(Dataset entries)

========================

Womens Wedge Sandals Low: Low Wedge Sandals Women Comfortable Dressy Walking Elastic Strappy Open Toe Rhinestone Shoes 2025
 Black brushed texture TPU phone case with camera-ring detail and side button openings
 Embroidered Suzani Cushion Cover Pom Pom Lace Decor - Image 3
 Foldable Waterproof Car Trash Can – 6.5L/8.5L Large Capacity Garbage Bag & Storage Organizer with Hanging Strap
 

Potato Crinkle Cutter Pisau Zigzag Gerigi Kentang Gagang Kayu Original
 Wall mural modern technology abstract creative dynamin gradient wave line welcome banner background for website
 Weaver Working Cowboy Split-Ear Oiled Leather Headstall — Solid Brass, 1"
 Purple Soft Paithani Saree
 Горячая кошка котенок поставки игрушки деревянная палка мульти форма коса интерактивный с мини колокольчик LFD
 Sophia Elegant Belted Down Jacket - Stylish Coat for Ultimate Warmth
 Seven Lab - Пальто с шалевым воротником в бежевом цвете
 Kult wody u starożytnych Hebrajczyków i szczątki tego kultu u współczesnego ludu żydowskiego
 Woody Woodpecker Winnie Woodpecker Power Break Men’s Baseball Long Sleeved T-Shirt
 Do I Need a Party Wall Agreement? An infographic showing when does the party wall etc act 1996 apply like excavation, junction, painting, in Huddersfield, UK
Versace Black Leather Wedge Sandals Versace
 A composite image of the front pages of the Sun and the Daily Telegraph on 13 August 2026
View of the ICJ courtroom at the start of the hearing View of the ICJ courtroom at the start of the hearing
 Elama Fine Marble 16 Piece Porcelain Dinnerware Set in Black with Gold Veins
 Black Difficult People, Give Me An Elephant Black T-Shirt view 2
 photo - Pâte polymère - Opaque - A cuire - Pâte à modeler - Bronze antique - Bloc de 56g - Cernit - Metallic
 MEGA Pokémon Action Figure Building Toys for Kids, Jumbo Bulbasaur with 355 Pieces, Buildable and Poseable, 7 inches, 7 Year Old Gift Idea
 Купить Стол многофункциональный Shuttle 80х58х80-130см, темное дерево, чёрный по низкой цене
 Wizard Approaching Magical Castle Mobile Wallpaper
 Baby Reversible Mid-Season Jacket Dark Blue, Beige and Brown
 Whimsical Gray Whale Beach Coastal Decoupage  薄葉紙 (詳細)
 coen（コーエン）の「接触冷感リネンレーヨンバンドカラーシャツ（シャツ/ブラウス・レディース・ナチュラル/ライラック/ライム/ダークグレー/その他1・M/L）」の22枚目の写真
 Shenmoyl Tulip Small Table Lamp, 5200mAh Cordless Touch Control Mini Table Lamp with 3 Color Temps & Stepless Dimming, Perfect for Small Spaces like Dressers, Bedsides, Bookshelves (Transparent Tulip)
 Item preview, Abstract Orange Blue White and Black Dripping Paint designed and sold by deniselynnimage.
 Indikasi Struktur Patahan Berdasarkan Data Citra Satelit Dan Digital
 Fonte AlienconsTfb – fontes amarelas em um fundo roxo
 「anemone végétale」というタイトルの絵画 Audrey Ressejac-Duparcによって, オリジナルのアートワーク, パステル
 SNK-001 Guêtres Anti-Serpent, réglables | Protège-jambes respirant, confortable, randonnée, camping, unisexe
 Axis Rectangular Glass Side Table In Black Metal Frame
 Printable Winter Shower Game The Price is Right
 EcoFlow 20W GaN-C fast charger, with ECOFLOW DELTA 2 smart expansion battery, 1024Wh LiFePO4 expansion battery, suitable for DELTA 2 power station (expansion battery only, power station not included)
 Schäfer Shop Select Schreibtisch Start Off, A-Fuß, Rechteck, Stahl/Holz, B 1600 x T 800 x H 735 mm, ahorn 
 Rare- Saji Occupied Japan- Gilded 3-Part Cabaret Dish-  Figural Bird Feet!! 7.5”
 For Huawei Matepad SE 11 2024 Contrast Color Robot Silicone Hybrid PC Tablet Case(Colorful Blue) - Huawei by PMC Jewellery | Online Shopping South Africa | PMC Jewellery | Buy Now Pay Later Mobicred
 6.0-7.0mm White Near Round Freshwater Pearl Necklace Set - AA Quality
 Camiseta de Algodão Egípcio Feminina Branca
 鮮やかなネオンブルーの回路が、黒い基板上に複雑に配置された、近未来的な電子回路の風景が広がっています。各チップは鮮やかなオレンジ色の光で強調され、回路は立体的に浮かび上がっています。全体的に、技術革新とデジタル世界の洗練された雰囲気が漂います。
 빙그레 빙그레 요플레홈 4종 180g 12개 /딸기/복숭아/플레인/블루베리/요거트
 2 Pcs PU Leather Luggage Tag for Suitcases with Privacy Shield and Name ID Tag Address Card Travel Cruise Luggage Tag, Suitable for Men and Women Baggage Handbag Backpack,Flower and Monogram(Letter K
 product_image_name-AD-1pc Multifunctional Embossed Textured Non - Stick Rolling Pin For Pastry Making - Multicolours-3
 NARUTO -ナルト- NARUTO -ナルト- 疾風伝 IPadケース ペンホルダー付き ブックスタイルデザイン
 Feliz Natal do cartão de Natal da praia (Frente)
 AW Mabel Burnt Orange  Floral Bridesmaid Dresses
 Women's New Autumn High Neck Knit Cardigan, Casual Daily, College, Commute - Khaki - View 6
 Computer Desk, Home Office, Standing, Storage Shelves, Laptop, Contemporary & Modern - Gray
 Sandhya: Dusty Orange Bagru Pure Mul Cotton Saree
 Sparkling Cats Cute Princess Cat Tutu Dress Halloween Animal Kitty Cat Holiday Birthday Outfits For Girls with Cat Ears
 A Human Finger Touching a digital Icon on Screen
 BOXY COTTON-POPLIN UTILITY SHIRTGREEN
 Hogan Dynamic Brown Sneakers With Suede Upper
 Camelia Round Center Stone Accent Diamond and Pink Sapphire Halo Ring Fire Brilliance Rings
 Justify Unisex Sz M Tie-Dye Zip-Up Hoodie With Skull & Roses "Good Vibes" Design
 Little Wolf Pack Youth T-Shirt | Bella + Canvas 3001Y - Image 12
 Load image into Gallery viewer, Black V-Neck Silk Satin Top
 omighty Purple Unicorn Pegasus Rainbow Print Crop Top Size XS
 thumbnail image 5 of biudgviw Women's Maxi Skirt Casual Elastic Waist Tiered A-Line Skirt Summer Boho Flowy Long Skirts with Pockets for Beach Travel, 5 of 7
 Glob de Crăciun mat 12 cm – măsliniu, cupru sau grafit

========================

■ **Your instructions**
Nothing beyond the line containing "Embroidered Suzani Cushion" is to be output; the lines above, from the first one onward to that line, are to be transcribed exactly.

■ **Result for this exercise**
Womens Wedge Sandals Low: Low Wedge Sandals Women Comfortable Dressy Walking Elastic Strappy Open Toe Rhinestone Shoes 2025
 Black brushed texture TPU phone case with camera-ring detail and side button openings
 Embroidered Suzani Cushion Cover Pom Pom Lace Decor - Image 3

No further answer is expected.